新しいコミュニティの構築を目指して 2015/10/03(土) 13:21

前回のCMNニュースでは、わが国の若者の初期的段階でのキャリアの躓きは、「就活」というシステムに起因している部分が多い事を紹介した。今回は、そこで躓いた人達のその後はどうなるか考えてみたい。

 大卒の就職難は景気変動によってこれまでも何回かあり、たとえば古くはオイルショックのあった1973年の2年後(就職は2年後に影響する)も急激に落ち込んだが、当時はアルバイトで雇われ正社員に登用されるとか、景気回復期に大量採用があったとか、どこかで吸収されそれほど深刻な問題にはならなかった。
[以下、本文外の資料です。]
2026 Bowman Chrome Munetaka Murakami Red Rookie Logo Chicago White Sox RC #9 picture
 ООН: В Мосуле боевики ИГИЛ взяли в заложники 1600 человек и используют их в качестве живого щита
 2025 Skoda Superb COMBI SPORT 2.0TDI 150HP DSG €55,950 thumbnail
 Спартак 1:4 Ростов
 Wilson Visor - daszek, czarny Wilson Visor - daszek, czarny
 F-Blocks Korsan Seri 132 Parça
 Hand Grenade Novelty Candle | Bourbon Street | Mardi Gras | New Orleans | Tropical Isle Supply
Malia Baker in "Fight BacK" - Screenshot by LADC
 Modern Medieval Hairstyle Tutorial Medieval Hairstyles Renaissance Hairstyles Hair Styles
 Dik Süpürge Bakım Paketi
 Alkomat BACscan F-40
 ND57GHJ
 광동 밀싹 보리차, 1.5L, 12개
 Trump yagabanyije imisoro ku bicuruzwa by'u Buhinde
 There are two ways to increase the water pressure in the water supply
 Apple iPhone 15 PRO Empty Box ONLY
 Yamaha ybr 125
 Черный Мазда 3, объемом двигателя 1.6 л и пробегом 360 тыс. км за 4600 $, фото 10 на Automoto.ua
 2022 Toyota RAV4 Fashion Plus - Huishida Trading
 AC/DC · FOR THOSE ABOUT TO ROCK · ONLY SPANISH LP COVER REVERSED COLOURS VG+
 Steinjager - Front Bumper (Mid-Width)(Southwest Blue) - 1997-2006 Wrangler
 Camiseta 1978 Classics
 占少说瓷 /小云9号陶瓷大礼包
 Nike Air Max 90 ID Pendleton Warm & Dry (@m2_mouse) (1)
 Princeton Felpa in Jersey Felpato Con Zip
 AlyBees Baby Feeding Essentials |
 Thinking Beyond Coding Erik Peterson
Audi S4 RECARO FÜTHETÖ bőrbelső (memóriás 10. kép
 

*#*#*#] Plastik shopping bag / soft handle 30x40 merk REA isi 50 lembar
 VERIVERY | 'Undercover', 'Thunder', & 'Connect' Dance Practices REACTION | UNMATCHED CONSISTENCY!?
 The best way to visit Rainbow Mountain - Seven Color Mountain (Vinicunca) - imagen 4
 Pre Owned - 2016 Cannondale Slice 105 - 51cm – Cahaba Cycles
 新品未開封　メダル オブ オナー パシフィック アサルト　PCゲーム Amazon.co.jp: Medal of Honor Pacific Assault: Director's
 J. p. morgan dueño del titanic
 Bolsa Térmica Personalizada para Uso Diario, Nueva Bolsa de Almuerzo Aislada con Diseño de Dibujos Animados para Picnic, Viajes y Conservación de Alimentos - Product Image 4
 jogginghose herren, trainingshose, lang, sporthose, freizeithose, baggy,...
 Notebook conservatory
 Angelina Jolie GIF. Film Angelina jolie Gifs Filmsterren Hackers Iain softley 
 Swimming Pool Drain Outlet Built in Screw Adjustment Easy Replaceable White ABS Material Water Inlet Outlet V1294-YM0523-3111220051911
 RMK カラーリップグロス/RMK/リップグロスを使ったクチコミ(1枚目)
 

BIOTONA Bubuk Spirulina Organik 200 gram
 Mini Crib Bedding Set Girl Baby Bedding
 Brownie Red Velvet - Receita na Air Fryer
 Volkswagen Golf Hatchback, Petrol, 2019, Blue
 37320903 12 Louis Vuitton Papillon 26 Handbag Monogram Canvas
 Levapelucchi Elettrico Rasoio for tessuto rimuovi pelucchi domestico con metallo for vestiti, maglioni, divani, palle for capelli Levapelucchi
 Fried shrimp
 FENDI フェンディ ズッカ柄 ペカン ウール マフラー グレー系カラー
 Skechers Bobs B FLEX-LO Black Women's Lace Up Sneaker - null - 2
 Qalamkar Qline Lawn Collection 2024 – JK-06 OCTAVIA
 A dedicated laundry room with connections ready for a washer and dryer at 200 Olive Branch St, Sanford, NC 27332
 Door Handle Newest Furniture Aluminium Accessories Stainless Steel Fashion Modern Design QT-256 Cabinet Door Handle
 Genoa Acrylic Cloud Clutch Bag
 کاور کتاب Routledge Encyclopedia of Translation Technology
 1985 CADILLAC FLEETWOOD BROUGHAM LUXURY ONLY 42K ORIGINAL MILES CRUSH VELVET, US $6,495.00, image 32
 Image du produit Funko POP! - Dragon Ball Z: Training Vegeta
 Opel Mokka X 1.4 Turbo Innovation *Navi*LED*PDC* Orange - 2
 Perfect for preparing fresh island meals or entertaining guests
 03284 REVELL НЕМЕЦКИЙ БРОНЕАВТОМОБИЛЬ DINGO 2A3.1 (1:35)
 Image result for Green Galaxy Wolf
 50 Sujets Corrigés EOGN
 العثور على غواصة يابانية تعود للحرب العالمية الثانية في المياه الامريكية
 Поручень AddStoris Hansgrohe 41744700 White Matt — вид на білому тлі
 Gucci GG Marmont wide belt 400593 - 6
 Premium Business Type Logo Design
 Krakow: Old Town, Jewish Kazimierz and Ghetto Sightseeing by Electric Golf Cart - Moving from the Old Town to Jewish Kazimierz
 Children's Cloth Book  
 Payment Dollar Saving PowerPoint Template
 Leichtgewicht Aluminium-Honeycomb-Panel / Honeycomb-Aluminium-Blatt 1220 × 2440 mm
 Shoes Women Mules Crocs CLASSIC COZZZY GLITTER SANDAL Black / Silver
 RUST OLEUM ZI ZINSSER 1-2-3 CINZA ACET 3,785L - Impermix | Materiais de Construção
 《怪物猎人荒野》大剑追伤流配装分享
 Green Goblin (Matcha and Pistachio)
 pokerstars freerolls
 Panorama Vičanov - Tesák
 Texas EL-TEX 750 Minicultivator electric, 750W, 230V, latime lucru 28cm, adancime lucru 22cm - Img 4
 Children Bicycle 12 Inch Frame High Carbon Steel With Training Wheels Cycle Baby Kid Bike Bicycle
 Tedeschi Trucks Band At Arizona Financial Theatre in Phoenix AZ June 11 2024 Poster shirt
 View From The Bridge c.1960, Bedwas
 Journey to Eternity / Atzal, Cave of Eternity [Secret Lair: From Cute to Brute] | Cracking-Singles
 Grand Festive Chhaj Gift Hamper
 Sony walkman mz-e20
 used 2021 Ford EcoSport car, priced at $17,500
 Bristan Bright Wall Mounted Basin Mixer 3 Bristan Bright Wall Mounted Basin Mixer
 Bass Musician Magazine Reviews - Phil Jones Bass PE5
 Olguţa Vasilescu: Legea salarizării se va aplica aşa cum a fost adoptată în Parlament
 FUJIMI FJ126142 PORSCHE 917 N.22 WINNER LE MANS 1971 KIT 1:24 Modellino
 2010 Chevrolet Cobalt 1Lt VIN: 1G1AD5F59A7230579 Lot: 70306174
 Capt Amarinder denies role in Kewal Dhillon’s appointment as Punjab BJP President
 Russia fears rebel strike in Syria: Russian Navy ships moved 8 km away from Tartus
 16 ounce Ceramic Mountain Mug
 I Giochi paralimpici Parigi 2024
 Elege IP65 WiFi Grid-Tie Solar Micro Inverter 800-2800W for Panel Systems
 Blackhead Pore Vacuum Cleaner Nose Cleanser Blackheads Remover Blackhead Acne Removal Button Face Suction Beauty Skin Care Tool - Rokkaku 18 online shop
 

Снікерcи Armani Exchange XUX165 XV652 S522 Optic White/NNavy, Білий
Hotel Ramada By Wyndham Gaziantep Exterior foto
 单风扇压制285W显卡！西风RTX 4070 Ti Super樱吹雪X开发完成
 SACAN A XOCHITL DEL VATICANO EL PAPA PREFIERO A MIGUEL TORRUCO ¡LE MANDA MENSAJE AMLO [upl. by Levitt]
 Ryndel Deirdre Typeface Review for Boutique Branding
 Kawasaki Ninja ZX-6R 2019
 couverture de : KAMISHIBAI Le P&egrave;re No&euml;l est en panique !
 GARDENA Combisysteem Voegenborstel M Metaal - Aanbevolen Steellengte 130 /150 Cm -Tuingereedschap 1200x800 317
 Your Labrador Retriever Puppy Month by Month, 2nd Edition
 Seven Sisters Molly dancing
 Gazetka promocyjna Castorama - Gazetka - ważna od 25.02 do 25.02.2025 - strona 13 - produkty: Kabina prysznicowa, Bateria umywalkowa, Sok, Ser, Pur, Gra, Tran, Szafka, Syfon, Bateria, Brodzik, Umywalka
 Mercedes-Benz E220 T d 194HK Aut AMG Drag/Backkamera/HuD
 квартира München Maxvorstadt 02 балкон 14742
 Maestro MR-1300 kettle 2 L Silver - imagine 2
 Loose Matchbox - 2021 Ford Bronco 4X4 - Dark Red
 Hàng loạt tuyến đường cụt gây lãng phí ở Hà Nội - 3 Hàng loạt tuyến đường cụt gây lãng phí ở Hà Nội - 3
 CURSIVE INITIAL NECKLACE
 しかし、2000年代に入ってからは大卒時点で就活に失敗すると、そのまま正社員の道がなくなってしまう可能性が高くなった。実際に大学卒業時に正社員になれなかった人は毎年平均10万人出ているが、中年フリーターもこの15年で150万人増えている。

 その背景には、派遣社員やアウトソーシングといった昔はなかった業務遂行の手段ができた事も影響している。代替手段があるので正社員として雇わなくても当面は困らないのだ。むしろ、雇ってしまったから困るという場合もあり、正社員でなければならない人数はほとんどの業界で減っている。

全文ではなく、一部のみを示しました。